Si apreciamos las discusiones en las comisiones de la Convención en la última semana, y con probabilidad en los próximos días, es posible encontrar ejemplos de estos dos modos de comprender la Constitución. Los primeros tienen cierta confianza en las instituciones que construyen; los segundos tienen sospechas de la política y sus participantes.
Irónicamente, quienes ven la Constitución como una estructura de único ‘bien’ se parecen demasiado a los autores de la Constitución de 1980. La dictadura construyó sus reglas a la luz de los ‘principios’ que difundió en marzo de 1974. Un texto lleno de ‘valores’, con la retórica de la reconstrucción y con la finalidad de enfrentar la ‘maldad’ del ‘marxismo’. Por eso sus normas son maximalistas, limitaron la democracia y condicionaron cada política pública que se pudo discutir. Ese maximalismo y las restricciones democráticas explican su crisis, y dejan en evidencia por qué para la extrema derecha este proceso es la pérdida de su ‘texto sagrado’.

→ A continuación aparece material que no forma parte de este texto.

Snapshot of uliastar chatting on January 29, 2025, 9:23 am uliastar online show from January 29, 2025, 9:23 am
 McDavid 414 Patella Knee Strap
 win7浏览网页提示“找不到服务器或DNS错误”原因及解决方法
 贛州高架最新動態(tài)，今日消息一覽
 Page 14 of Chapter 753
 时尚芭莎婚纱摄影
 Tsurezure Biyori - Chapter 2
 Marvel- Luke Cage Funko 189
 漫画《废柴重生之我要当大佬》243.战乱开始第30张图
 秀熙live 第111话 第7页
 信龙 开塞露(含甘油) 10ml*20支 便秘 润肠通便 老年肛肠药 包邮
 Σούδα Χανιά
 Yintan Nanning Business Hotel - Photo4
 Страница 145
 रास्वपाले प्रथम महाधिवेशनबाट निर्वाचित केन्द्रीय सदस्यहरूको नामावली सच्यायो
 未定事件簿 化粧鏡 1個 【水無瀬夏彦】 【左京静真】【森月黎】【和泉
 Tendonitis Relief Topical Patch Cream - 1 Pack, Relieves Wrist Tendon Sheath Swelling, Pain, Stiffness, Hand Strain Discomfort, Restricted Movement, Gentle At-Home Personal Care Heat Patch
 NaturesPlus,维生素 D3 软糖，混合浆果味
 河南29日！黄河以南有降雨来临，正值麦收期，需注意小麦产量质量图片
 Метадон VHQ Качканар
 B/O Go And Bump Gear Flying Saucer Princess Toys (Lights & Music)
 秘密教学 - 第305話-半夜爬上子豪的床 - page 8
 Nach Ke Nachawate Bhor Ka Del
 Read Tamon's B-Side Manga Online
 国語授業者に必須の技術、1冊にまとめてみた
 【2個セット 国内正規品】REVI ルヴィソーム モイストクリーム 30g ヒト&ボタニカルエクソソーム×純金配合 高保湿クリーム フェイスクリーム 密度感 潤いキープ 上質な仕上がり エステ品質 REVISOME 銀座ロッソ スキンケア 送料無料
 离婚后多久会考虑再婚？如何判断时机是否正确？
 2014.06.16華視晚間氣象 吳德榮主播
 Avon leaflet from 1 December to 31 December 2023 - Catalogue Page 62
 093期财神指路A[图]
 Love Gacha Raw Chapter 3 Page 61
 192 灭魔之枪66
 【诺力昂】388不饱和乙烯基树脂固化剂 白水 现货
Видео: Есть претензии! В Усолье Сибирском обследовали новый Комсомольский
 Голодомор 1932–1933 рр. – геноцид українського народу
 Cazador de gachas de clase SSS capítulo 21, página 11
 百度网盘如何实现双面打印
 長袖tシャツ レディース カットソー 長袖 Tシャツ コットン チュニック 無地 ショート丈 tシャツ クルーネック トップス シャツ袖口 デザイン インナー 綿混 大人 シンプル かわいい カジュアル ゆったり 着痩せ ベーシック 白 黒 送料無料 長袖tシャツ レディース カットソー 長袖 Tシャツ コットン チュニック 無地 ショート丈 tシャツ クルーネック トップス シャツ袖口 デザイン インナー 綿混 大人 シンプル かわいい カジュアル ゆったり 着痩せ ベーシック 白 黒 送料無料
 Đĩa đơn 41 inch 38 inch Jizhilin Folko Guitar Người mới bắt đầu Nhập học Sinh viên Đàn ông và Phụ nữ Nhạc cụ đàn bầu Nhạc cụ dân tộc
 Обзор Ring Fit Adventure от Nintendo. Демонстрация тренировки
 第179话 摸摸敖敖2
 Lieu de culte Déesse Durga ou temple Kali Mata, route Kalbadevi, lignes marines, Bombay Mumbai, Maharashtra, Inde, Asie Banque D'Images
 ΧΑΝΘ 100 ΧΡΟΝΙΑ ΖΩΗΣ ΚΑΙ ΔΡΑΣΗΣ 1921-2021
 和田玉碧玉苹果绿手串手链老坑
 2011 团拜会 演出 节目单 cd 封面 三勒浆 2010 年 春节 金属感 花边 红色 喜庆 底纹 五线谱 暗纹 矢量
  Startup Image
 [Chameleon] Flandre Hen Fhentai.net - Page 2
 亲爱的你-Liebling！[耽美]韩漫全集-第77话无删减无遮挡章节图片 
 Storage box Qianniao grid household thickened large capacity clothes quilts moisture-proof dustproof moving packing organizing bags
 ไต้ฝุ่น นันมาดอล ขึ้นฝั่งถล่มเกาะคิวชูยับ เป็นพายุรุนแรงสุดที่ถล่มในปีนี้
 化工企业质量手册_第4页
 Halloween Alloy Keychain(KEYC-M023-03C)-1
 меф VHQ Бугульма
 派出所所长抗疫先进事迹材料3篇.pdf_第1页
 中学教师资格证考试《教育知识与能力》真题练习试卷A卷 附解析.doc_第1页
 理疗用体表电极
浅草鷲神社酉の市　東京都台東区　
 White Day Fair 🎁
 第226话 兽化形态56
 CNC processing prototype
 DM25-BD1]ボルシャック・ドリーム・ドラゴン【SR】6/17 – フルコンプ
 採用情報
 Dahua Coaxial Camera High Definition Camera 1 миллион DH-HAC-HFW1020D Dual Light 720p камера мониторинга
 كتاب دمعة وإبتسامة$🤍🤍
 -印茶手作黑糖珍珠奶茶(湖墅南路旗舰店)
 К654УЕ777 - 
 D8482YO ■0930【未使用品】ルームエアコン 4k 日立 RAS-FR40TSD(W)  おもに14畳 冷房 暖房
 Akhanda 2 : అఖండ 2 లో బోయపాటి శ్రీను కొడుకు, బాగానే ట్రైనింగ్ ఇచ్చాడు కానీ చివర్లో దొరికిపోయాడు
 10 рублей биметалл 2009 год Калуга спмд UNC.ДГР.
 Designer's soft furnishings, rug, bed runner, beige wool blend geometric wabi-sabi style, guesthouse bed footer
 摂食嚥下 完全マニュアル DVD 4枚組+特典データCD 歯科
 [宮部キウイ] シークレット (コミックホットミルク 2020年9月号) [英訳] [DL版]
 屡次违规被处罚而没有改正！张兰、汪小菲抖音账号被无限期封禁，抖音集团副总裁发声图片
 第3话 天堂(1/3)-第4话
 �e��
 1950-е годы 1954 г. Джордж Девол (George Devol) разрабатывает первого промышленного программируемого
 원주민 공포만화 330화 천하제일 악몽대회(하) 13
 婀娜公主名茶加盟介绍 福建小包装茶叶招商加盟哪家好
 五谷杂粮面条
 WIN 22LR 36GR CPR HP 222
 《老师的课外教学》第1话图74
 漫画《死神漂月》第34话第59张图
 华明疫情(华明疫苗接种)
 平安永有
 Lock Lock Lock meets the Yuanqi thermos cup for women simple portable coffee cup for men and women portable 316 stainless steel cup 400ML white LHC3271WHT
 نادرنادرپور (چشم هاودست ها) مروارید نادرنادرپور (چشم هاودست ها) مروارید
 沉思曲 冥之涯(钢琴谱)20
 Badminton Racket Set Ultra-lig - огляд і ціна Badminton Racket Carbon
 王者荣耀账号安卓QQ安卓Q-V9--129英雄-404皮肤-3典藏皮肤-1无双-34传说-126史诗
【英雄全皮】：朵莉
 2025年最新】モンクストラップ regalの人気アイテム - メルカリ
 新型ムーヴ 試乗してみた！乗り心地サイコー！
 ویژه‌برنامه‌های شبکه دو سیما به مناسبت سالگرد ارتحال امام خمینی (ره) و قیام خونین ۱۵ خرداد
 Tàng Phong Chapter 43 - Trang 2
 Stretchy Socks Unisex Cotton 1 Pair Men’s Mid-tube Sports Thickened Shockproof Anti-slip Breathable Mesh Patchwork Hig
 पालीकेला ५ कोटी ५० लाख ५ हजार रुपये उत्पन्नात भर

Como expresó Sumption, la función principal de la Constitución es diseñar un sistema que permita a la democracia conciliar, en las decisiones que adopta, los diferentes derechos e intereses que expresan sus ciudadanos. Para que eso suceda no puede imponer una moral constitucional, sino garantizar la participación efectiva en el sistema político para mediar en la disconformidad y el disenso, sin condicionar sus resultados por anticipado.
Por lo mismo, algunos convencionales no deberían caer en la misma trampa de la política que critican con furia, al alentar ‘ofertas’ poco realistas como si fueran pujas de una subasta entre buenos y malos. Cuando ese remate de promesas se produce en la Constitución, la frustración y la desconfianza están garantizadas.